Your assignment: In the entries below, begin at the line that has "Immobile in asta", stop after the line that has "Penetapan Sekretaris Umum", and output those lines exactly with no pictures.
━━ Record set
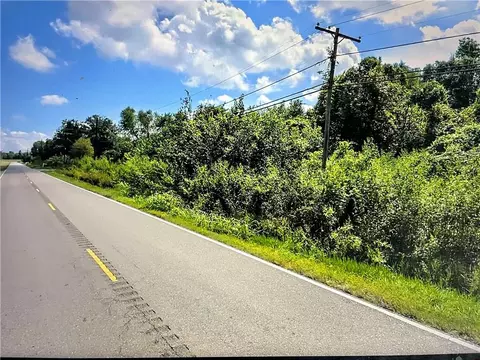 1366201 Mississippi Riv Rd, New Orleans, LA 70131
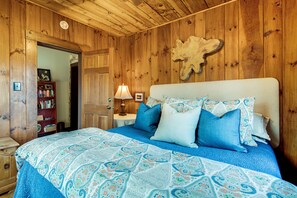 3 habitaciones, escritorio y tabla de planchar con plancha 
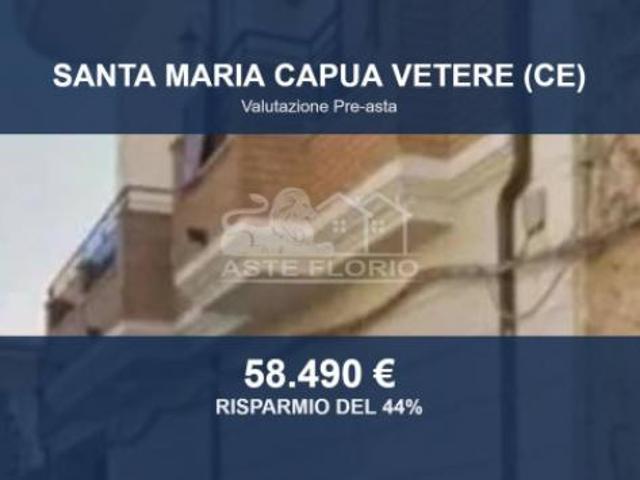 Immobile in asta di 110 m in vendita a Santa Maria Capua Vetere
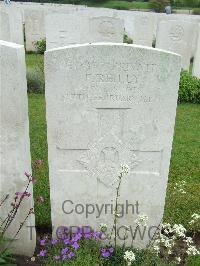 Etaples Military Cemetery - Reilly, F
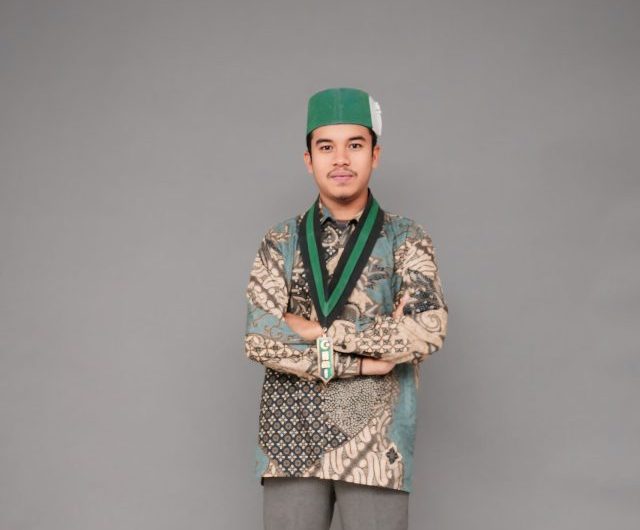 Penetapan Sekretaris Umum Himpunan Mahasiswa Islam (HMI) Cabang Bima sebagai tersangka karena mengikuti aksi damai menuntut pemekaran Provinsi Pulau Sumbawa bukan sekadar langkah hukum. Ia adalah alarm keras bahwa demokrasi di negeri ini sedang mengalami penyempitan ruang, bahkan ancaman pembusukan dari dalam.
━━━━
━━ Record set
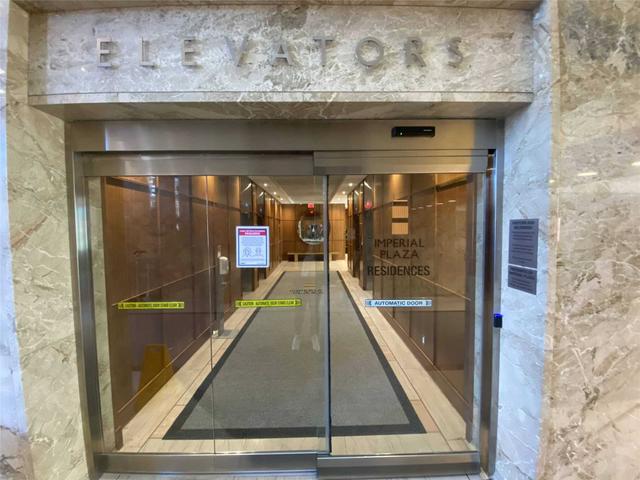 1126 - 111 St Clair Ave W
━━━━
Written response:
 Immobile in asta di 110 m in vendita a Santa Maria Capua Vetere
 Etaples Military Cemetery - Reilly, F
 Penetapan Sekretaris Umum Himpunan Mahasiswa Islam (HMI) Cabang Bima sebagai tersangka karena mengikuti aksi damai menuntut pemekaran Provinsi Pulau Sumbawa bukan sekadar langkah hukum. Ia adalah alarm keras bahwa demokrasi di negeri ini sedang mengalami penyempitan ruang, bahkan ancaman pembusukan dari dalam.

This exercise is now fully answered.